Langley Community Planning Director Jeff Arango is stepping down.
After three-and-a-half years at the helm, Arango confirmed he has accepted a position at Seattle-based BERK Consulting, a private planning company, and submitted a letter of resignation to city officials. Arango said he enjoyed his time as Langley’s planning chief, but that he was ready for a new challenge.
“I’m always interested in new challenges and new opportunities,” Arango said in a phone interview with The Record Wednesday.
Arango’s last day is Nov. 7. His resignation letter was submitted Monday to Mayor Fred McCarthy, who said he will turn it over to the Langley City Council at its Oct. 17 meeting for official acceptance, which McCarthy said he expects.
“It’s always a challenge when something like this happens,” the mayor said. “Obviously I’m excited for the opportunity he has professionally to grow, and an opportunity to move his career forward. His presence will be very much missed in the city.”

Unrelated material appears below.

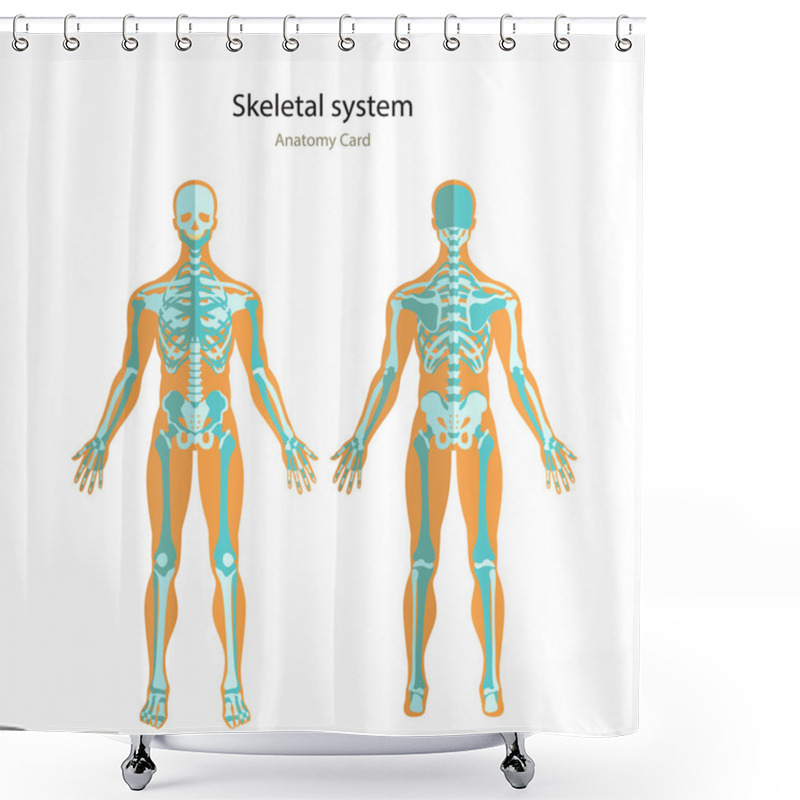 Personality  Anatomy Guide Of Human Skeleton. Anatomy Didactic Board Of Human Bony System. Front And Rear View. Shower Curtains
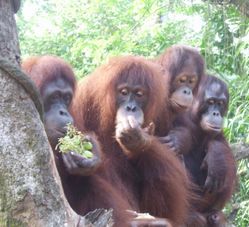 As close as you can get! Morning at the Singapore Zoo with optional Jungle Breakfast with Orangutans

Arango took over the planning department in April 2011 after six years as a planning director in Vermont. In Langley he was the assigned staff person to four city citizen boards — the Planning Advisory Board, Design Review Board, Parks and Open Space Commission (for a time), and Arts Commission — and oversaw several projects and policies that will likely be around for decades. The largest was the Second Street redesign, which he managed from its design to its final street striping this June. Last month, he attended an international planning conference — a $2,300 trip paid for by the city and the Langley Main Street Association — in Buenos Aires, Argentina as a speaker for his work on Second Street.
That same project spawned the city’s newest citizen board, the Arts Commission, which will oversee an Arango-proposed and city council-approved policy to include a 1-percent-for-the-arts budget in capital projects.
“That was a really great experience for me professionally,” Arango said.
Times were not always light in the Village by the Sea, however. Arango filed a whistleblower complaint against the mayor at the time, Larry Kwarsick, after he discovered that Kwarsick had falsified a public document during his days as Langley’s planning director.
Eventually, Kwarsick resigned in January 2013 after Island County Prosecutor Greg Banks filed a lawsuit to force him out of office. Regarding the notoriety of the incident, Arango said he had no regrets.
“It is what it is,” Arango said. “At the end of it, I think I did the right thing.”
When McCarthy was appointed as the interim mayor in February 2013, he inherited three department heads: Police Chief Randy Heston, Public Works Director Challis Stringer, and Arango. By the fall, only Arango was still with the city with Stringer taking a job for the City of Mukilteo’s public works department and Heston retiring.
Some other highlights of Arango’s career include city code amendments adopted last month, parking improvements, restructuring the building department and lowering permit fees 27 percent, and the foundation of the Langley Main Street Association.
One of his unfinished works is the creation of design standards. Currently the city relies on its Design Review Board and Planning Advisory Board to make sure new construction is in keeping with the city’s look and feel. The recently finished, but not-quite-approved, demolition of historic buildings in the downtown commercial area ordinance includes language for how new buildings could be erected, largely keeping the 30-foot lot articulation of Langley’s founding on First Street and adding setbacks for floors coming up the bluff.
Arango also leaves at a time when the city is reviewing a proposed private-public project for an elevator and bridge on Cascade Avenue. He said he would give a recommendation to the city council before leaving the job.
McCarthy said he does not have a timeline yet for finding the next director of Community Planning. He wanted to wait until the resignation was official — after the city council meeting next Monday. The duration of the search was also unknown.
“We’ll take whatever time’s necessary,” McCarthy said. “It’s a very important position for the city.”